Each record below should be reproduced as it is written, with pictures left out entirely.

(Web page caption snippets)
....

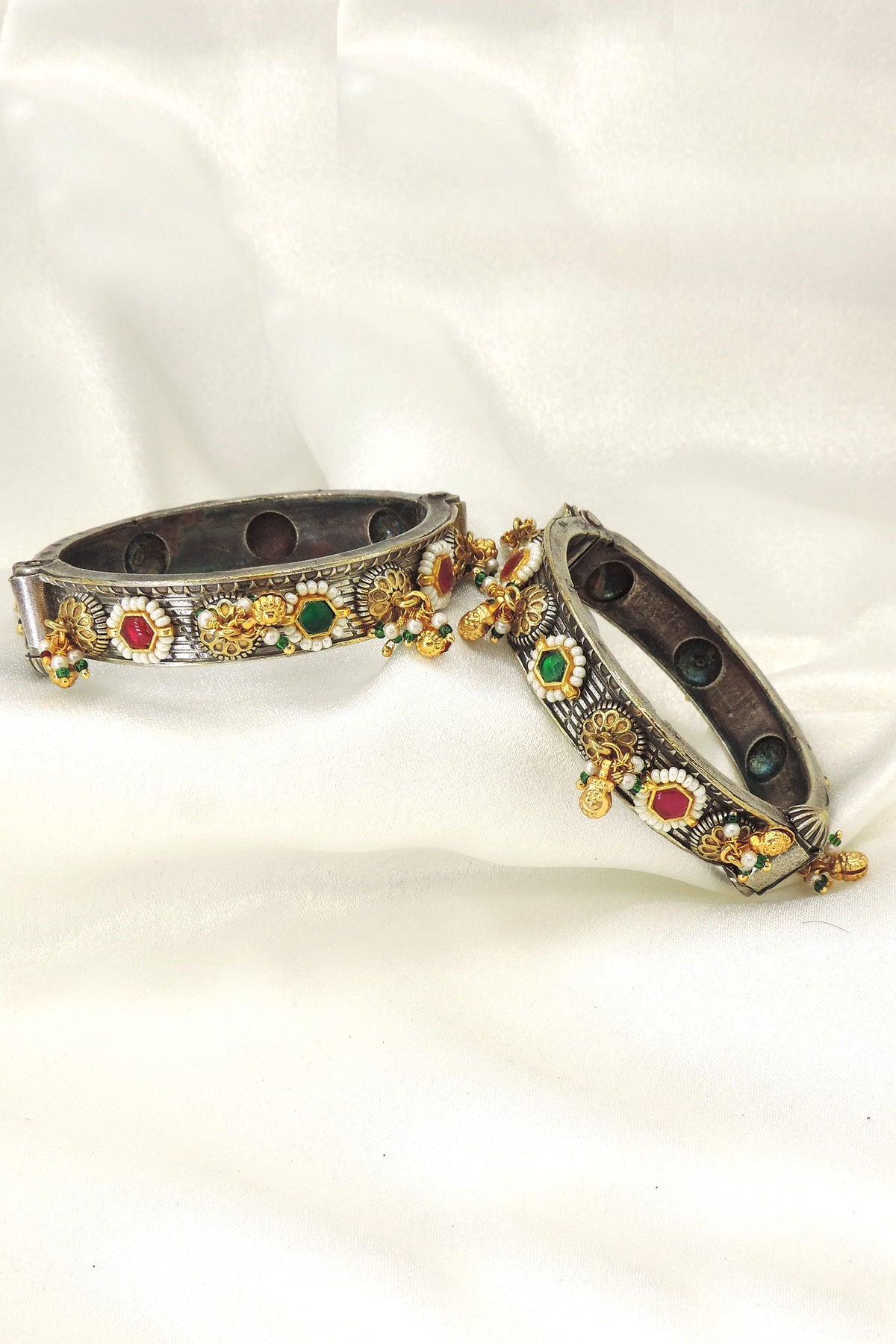 Antique Silver Ethnic Charm Bangle Set by Joyrias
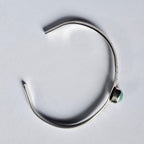 5.5" Sterling Silver Cuff with Kingman Turquoise – Stamped Band, Freeform Cabochon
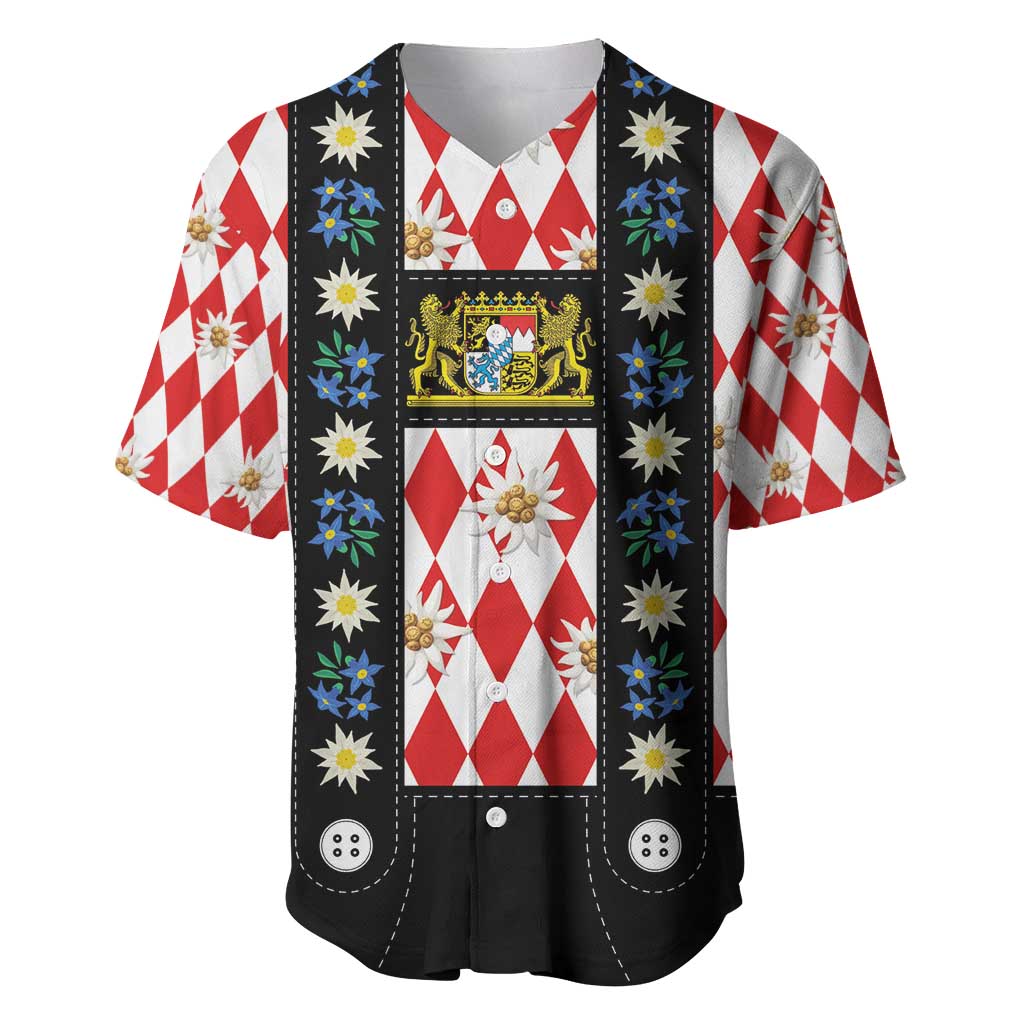 Bavaria Traditional Lederhosen Costume Baseball Jersey Bavaria Emblem -  Red Plaid Pattern with Edelweiss Flowers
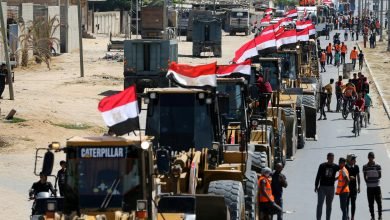 معدات إعادة البناء في غزة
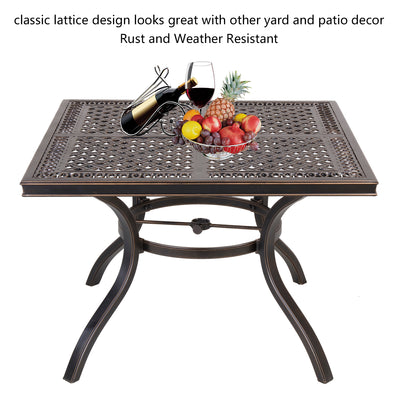 Patio Square Table with Umbrella Hole,Waterproof,Sunscreen and Rustproof
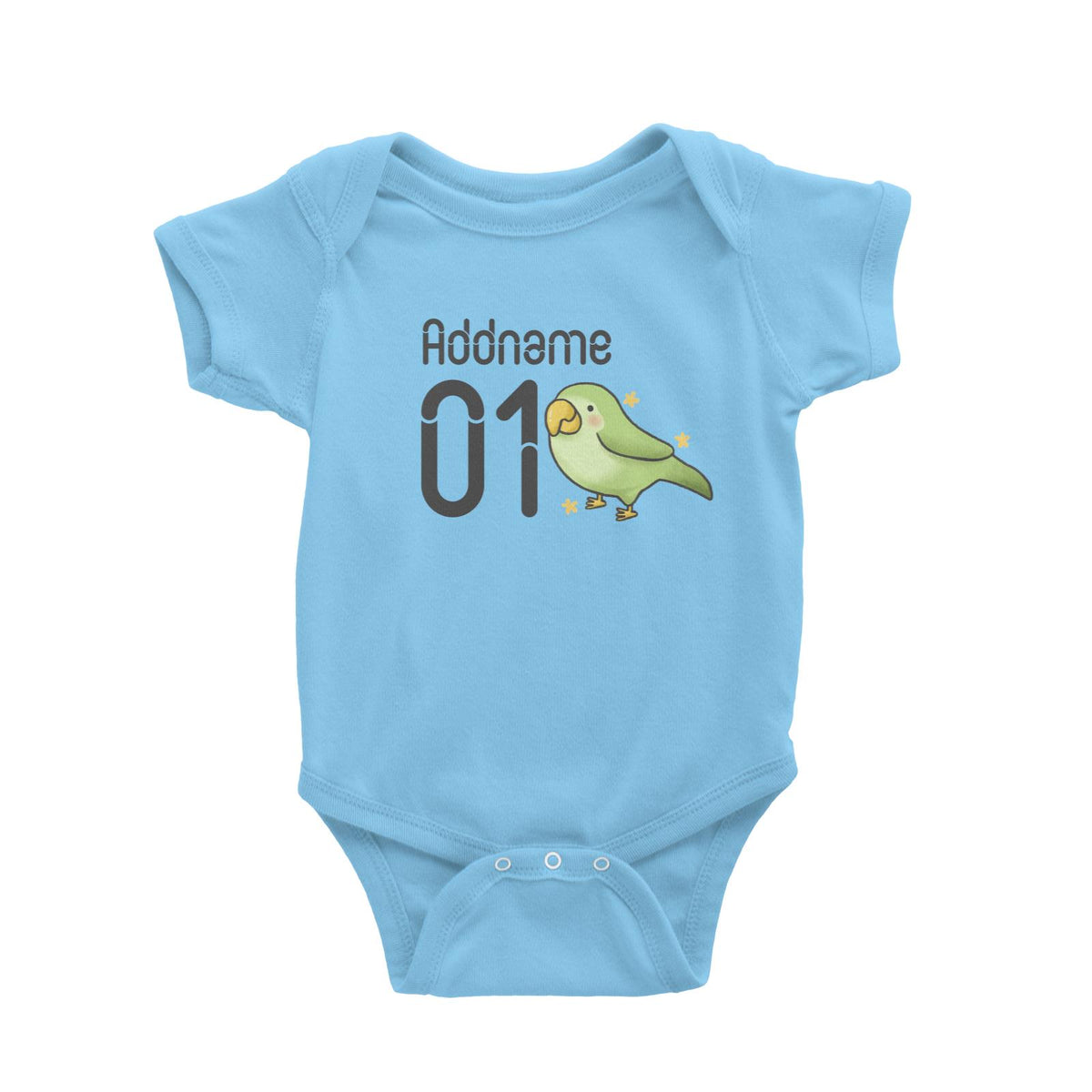Name and Number Cute Hand Drawn Style Parrot Baby Romper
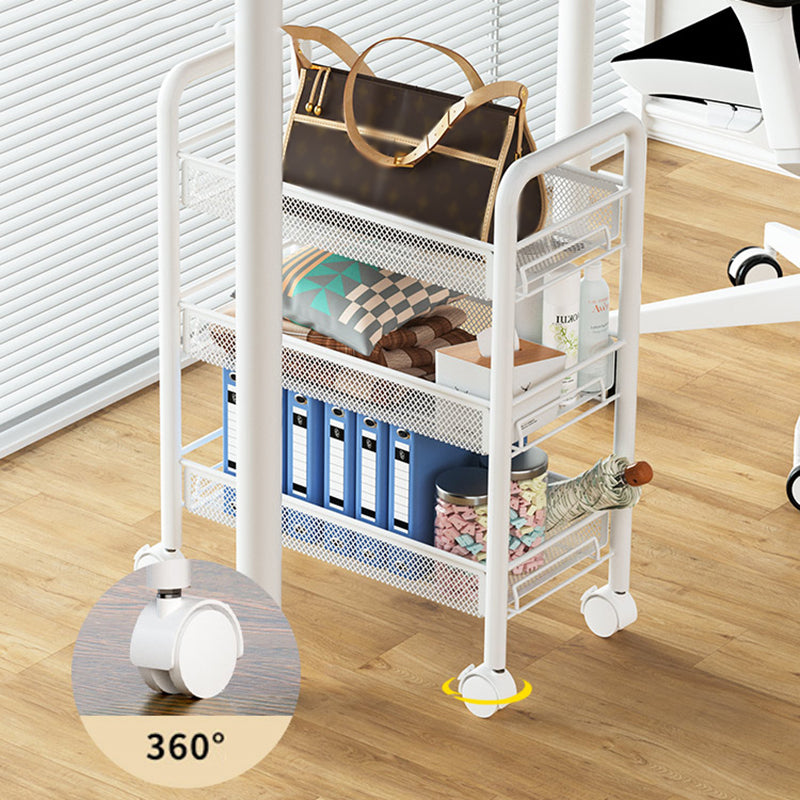 Libreria moderna in metallo con ruote aperte libreria per soggiorno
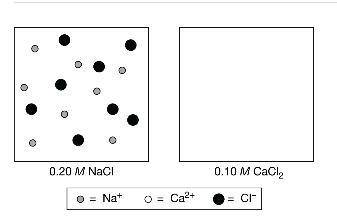 (a) ions in a certain volume of .20M NaCl (aq) are represented in the box above on the left. in the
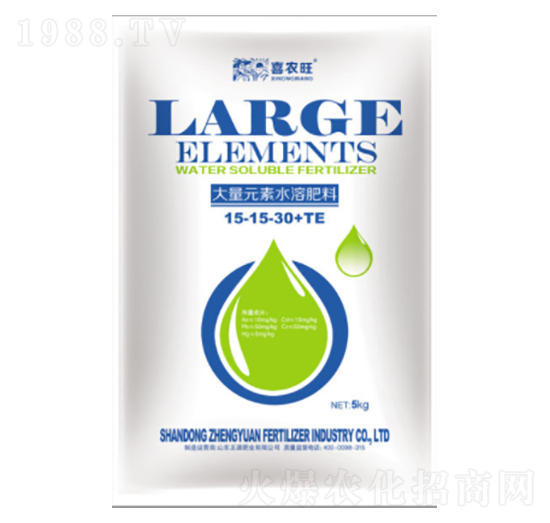 5kg大量元素水溶肥料15-15-30+TE-喜農(nóng)旺-正源肥業(yè)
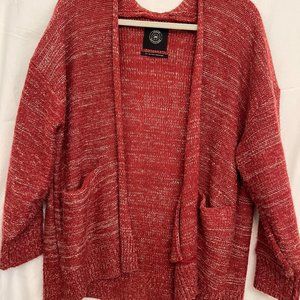 Urban outfitters red and white knit cardigan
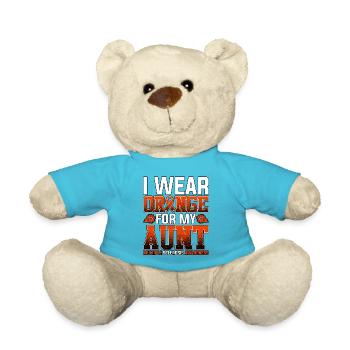 Ich trage Orange für meine Tante Multiple Sklerose - Teddy - Atollblau - Vorne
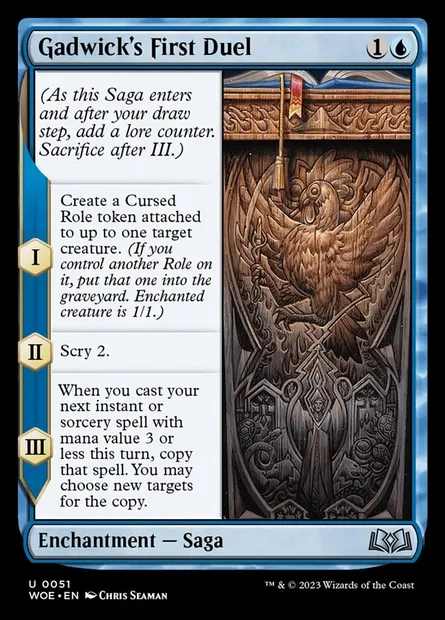 Gadwick's First Duel, Magic card WOE 51 — Wilds of Eldraine set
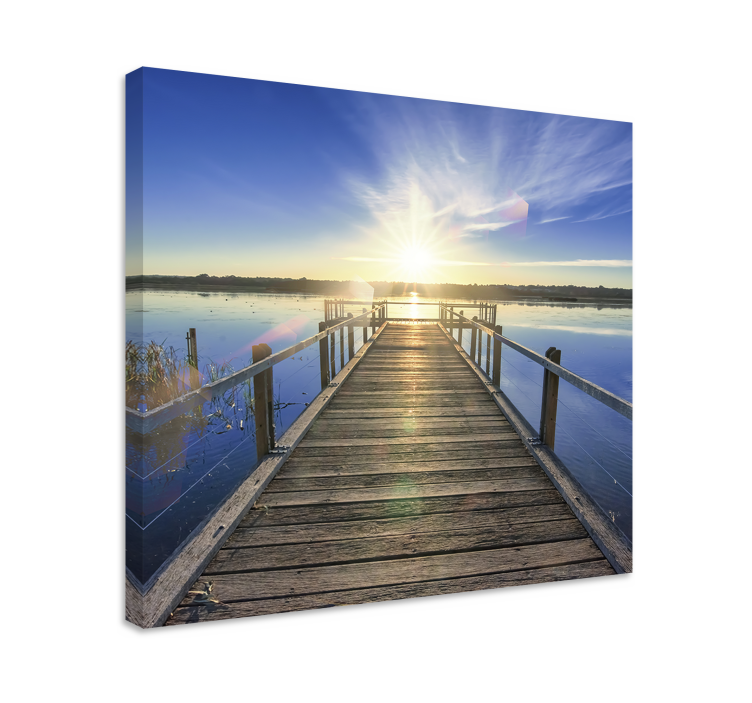 Sunlit lake pier landscape canvas - TenStickers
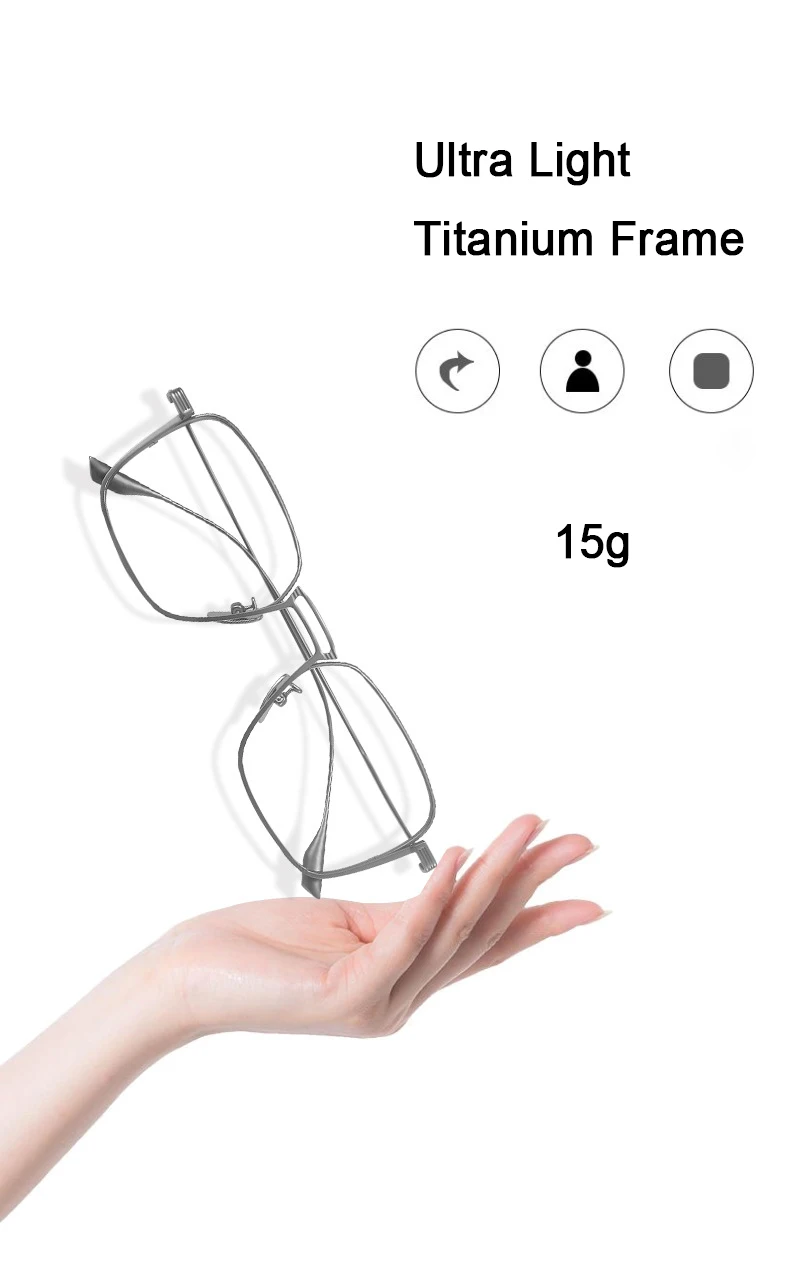 Amerikanisches Design für Herren, großes Gesicht, 147 mm, luxuriös, ultraleicht, reines Titan, Brillengestell, einzigartige Brücke, modische Brillen – Detail 4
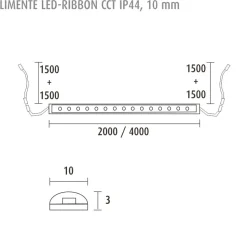 LED-nauha Limente LED-Ribbon 20 CCT LUX IP44 2700-6000K 24V 2m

....

__Written solution__
 Antique Silver Ethnic Charm Bangle Set by Joyrias
 5.5" Sterling Silver Cuff with Kingman Turquoise – Stamped Band, Freeform Cabochon
 Bavaria Traditional Lederhosen Costume Baseball Jersey Bavaria Emblem -  Red Plaid Pattern with Edelweiss Flowers
 معدات إعادة البناء في غزة
 Patio Square Table with Umbrella Hole,Waterproof,Sunscreen and Rustproof
Name and Number Cute Hand Drawn Style Parrot Baby Romper
 Libreria moderna in metallo con ruote aperte libreria per soggiorno
 (a) ions in a certain volume of .20M NaCl (aq) are represented in the box above on the left. in the
 5kg大量元素水溶肥料15-15-30+TE-喜農(nóng)旺-正源肥業(yè)
 Urban outfitters red and white knit cardigan
 Ich trage Orange für meine Tante Multiple Sklerose - Teddy - Atollblau - Vorne
 Gadwick's First Duel, Magic card WOE 51 — Wilds of Eldraine set
 Sunlit lake pier landscape canvas - TenStickers
 Amerikanisches Design für Herren, großes Gesicht, 147 mm, luxuriös, ultraleicht, reines Titan, Brillengestell, einzigartige Brücke, modische Brillen – Detail 4
 LED-nauha Limente LED-Ribbon 20 CCT LUX IP44 2700-6000K 24V 2m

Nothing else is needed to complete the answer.